Our rover controller isn't terribly sophisticated. It ignores both "adverse" events and round completion events. It keeps track of no state between telemetry messages apart from the initial parameters. The rover tracks in the direction of the home base and then adjusts its heading to avoid obstacles. When attempting to avoid an obstacle it chooses the direction to turn based on which one requires the smallest turn from the current direction. For this calculation the current direction is adjusted if the rover is already turning, effectively favoring the direction it's already turning in. For martians, the collision check code checks that the desired path doesn't intersect with a line 3 turns long (based on the martian's current speed) along with checking against collisions at the current position.
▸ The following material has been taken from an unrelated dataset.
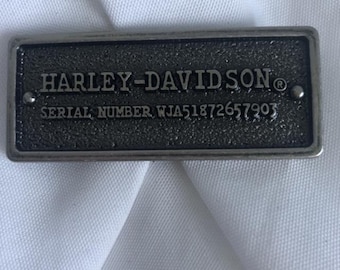 Vintage 1990s Licensed Harley Davidson Bar Shield Decal Sticker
I'm not terribly happy with our solution. Our rover does reasonably well on the sample maps, but I suspect in the actual contest we will do poorly as there are too many constants in the code determined through experimentation that really should be based on the environment parameters. Our lame pathfinding algorithm is also likely to be a source of trouble. On the plus side, our choice of language was not a major hurdle this year. Last year, Rhope was really too immature and we spent most of the contest trying to fix bugs in the language rather than working on our entry.  I did stumble across one or two bugs this year and I had to add a few operations like Sine and Cosine to the interpretter, but those were only minor distractions.